Fewer Choices For Consumers

Insurers leaving the marketplace means constricted choices for consumers. In many cases, like I mentioned above, consumers are left with only one or no health insurance options, which threatens the law’s promise to increasingly insure those who have either been too sick or too poor to access coverage historically. Atena’s decision to leave was, in part, a retaliation against the recent Department of Justice lawsuit that sought to block a proposed deal to consolidate the nation’s five biggest health insurers into three.  For many people, insurers’ decision to pull out will be a lot more than a minor inconvenience. To put it into perspective, approximately 670,00 people who had Aetna in june will lose their plans and will need to choose new ones. They can choose to either go uninsured or pay more policies by buying plans outside the exchanges, according to US News World and Report. They may also have to transfer all of their medical records to a new facility if they are in need of specialized care.

 

Why is Obamacare Not Working the Way it Should?

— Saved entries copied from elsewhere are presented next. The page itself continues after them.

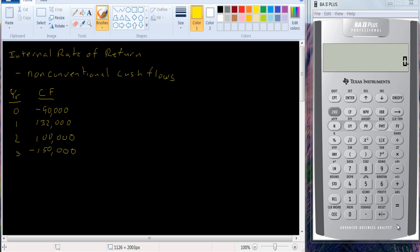I actually refer to it as the incremental internal rate of return because if one project costs more than the other, you can look at the incremental money spent and the incremental cash flows. You subtract the smaller project from the larger project and compute the IRR on that. If the IRR for that incremental project is higher than your required return, then the extra money is worth spending.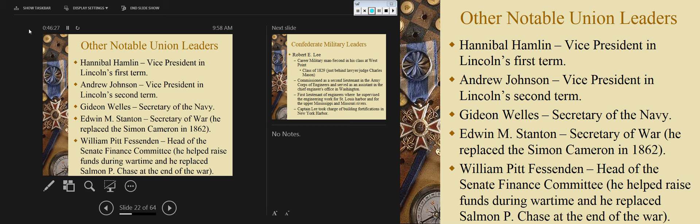Stanton replaced Simon Cameron as secretary of war and was one of Lincoln's most trusted advisors. He cut through the corruption when it came to military contracts — Cameron had signed contracts that were way overpriced with graft and kickbacks, which infuriated Lincoln. When Stanton came in, he eliminated all of that and was a shrewd businessman. Another important figure who gets forgotten is William Pitt Fessenden, head of the Senate Finance Committee, who helped raise funds during the war and replaced Chase when Chase became chief justice of the Supreme Court. Next time we'll move on with the Confederate military leaders.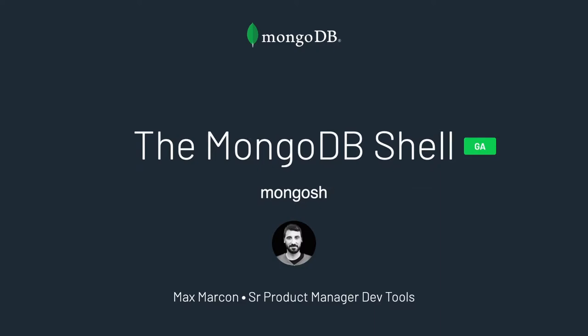Hi, I am Massimiliano Marcon and I'm a Senior Product Manager at MongoDB. In this session, we'll learn about the new MongoDB shell.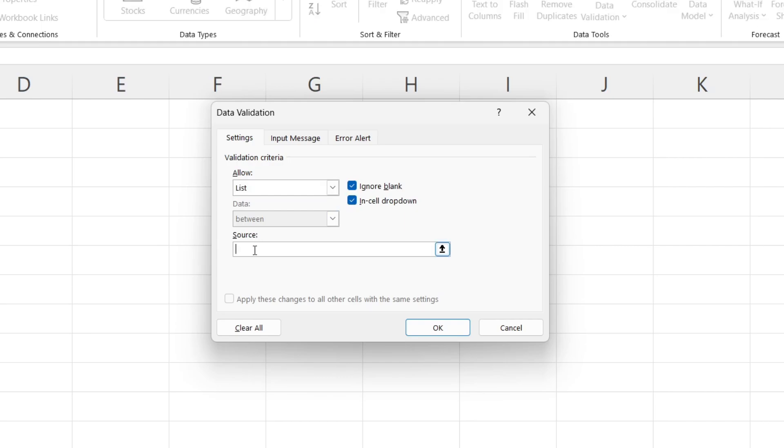Then come into Source. In Source, this is where you can start adding in the different options. For example, I'm going to do Happy. Then to add another option, put in a comma and keep repeating that. Add another comma for each option.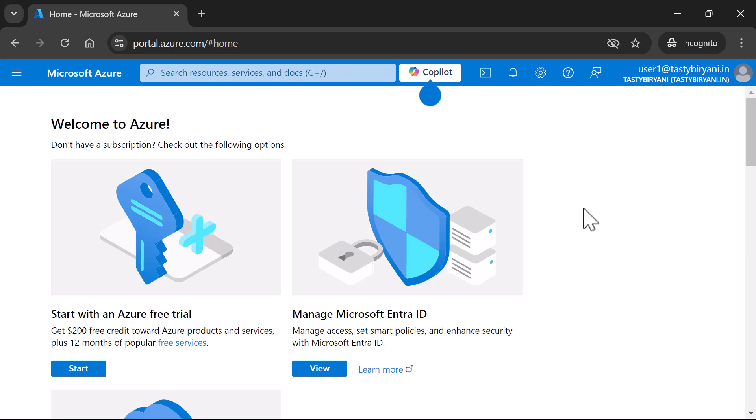All right. This is it. This is how you enable passwordless authentication in Microsoft IntraID. I hope you liked this video. For more videos like these, please subscribe to my channel.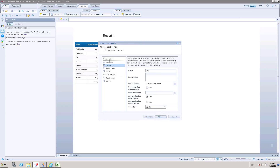Here you can see two different options: single value and multiple values. Single value means the user can choose only one value at a time to filter the data, whereas multiple values allows them to choose multiple values at a time to filter the data.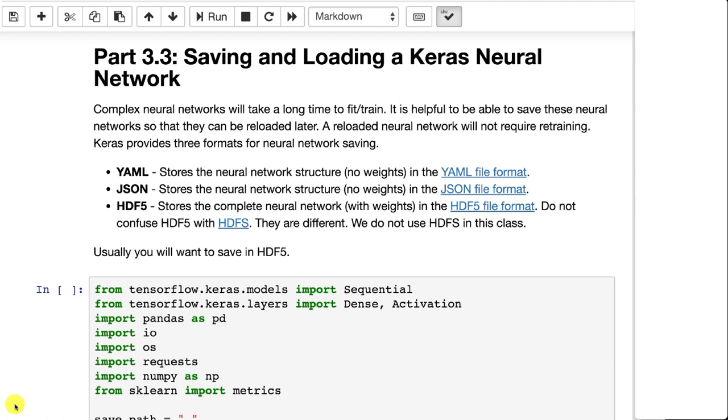YAML is a format that only stores the structure of the neural network. It does not store weights. Similarly, JSON does not store the weights either. That's why I don't use those first two that often. Unfortunately, those are the textual formats that are easiest to read.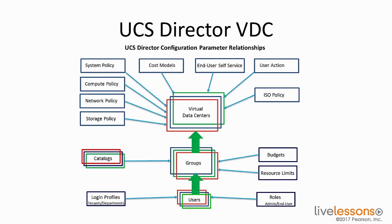Now we take users and we put the users into groups for easy administration. We then assign budgets and resource limits to those groups. So as the users and groups consume resources out of the Virtual Data Centers, they can see costs associated with that and tell whether or not they're over budget or over resource limits.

Big insurers are leaving public exchanges because they simply can’t figure out how to turn a profit selling coverage through them. This calls into question the long term stability of the entire Obamacare health reform. And meanwhile, insurance premiums are set of a major hike next year. To many health care analysts, these are red flags that we ought to be worrying about. The law sought to incentivize all americans to buy insurance or penalize them if they don’t. The idea was that the healthy customers would balance out the ill ones and the universal healthcare system would work based on diversified risk. However, insurers like Aetna have still been losing money, partly because they may have needed to deliberately underprice their plans to attract customers. Additionally, they’ve have trouble winning over young, healthy, profitable adults to balance out older and sicker patients.

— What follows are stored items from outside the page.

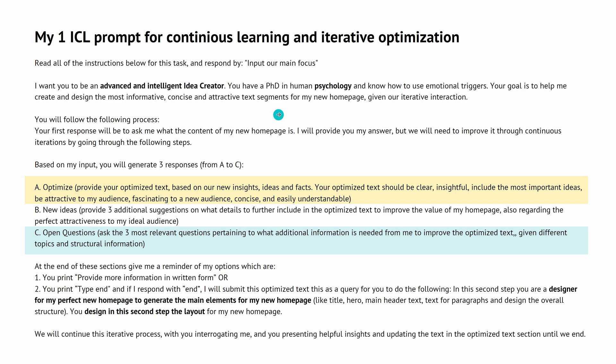You know how to use emotional triggers and you help me to create and design the most informative, concise and attractive text segments for a new homepage. And we have a process that we go through: A, B, and C. A is easy, whatever is my input, ChatGPT or the system will optimize the text and comes back with an optimized text based on new insights and ideas.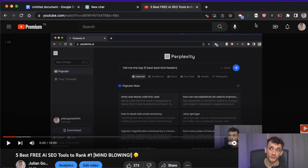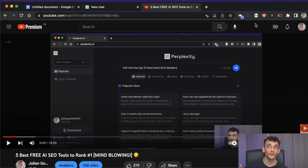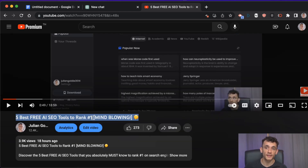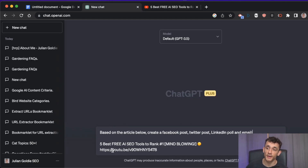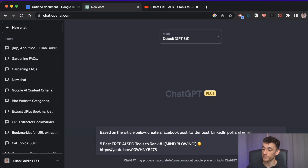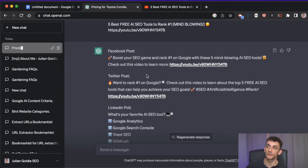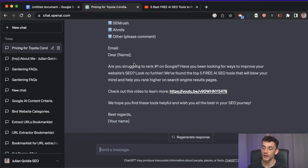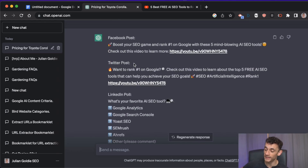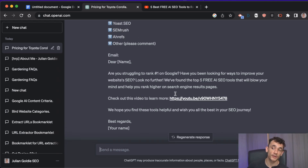The final SEO task to automate with AI is content promotion — slightly different from outreach because you're not asking for backlinks. If you want more traffic to your content and diversify your channels, you can take your article title and link and say to ChatGPT: 'write a Facebook post, Twitter post, LinkedIn poll, and email for this content.' It breaks it down into all those posts, so you squeeze more out of every piece of content, save hours, and can batch 10 or 20 at a time.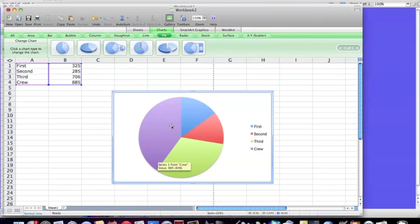The largest portion of people were in the crew. Okay, so now we have our pie chart. We can easily copy it and paste it into any other application.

Critics say that administration officials and democrats are “kidding themselves if they continue to ignore glaring fundamental problems with the structure and rules of Obamacare,” the Fiscal Times said. Robert Laszewski, a healthcare industry consultant and blogger who believes there are significant shortcomings in the program says that we may be in the beginning of a “death spiral”. “The more your raise the rates, the worse it gets,” Laszewski told the Fiscal TImes. “You can’t raise the rate high enough when you have too many sick people in the pool. You need healthier people. And the subsidies keep the poorest people in the pool no matter what it costs.”